The Oakland Athletics are still playing right now. Maybe not for long, but how can you complain about a front office whose team qualifies for the MLB postseason each and every year??? There are Pirates fans out there who would kill for their team to have the success of the Oakland Athletics.

No, the A's can't seem to retain their players but does that mean baseball should change its policies so players can make less money working in smaller markets? Maybe the A's need to get over that hump and quit choking each and every season. It's not like their players are leaving and the team is struggling. Maybe then I'd have some sympathy. But when a big name player leaves and the team still has a 2-0 series lead the following season just to blow it, only the players and manager are to blame. Not the front office.

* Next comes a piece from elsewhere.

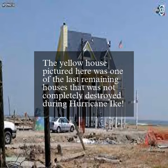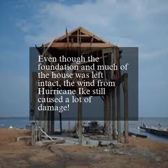The yellow house pictured here was one of the last remaining houses that was not completely destroyed during Hurricane Ike. Even though the foundation and much of the house was left intact, the wind from Hurricane Ike still caused a lot of damage.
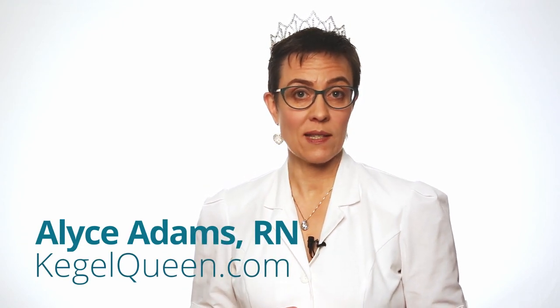Do you have pelvic organ prolapse and you don't want surgery? You have options. One of them is Kegel exercises, as long as Kegels are done correctly — and most women are not doing Kegels correctly. I'm the Kegel Queen. I'm a registered nurse and my name is Alice Adams. In this video, we'll talk about how Kegel exercises can stabilize or even reverse prolapse.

Last year I did extensive research on this subject for a project I did for class. I don't care to bore you with all the statistics that I found as to why baseball works fine the way it is. The best point made though may just be comparing baseball to a sport with a salary cap in professional basketball.

The NBA has a salary cap and still we see dynasty after dynasty. Since 1990, how many teams not named the Pistons, Bulls, Rockets, Spurs and Lakers have won the NBA Championship? Major League Baseball offers the spice of life as the past 16 years have produced a number of different champions. Including teams like the Minnesota Twins and Toronto Bluejays who fans continue to weep for.

Anything can happen in baseball, it's one of the reasons it's the greatest sport we have. It was proven just this offseason as the Tigers (whose biggest free agency aquisition this decade was Ivan Rodriguez) bounced out the high and mighty Yankees from the playoffs. If teams want to go out there and spend big bucks, that's fine. It doesn't guarantee anything. In fact, it only seems to make things more interesting as nobody roots for Goliath.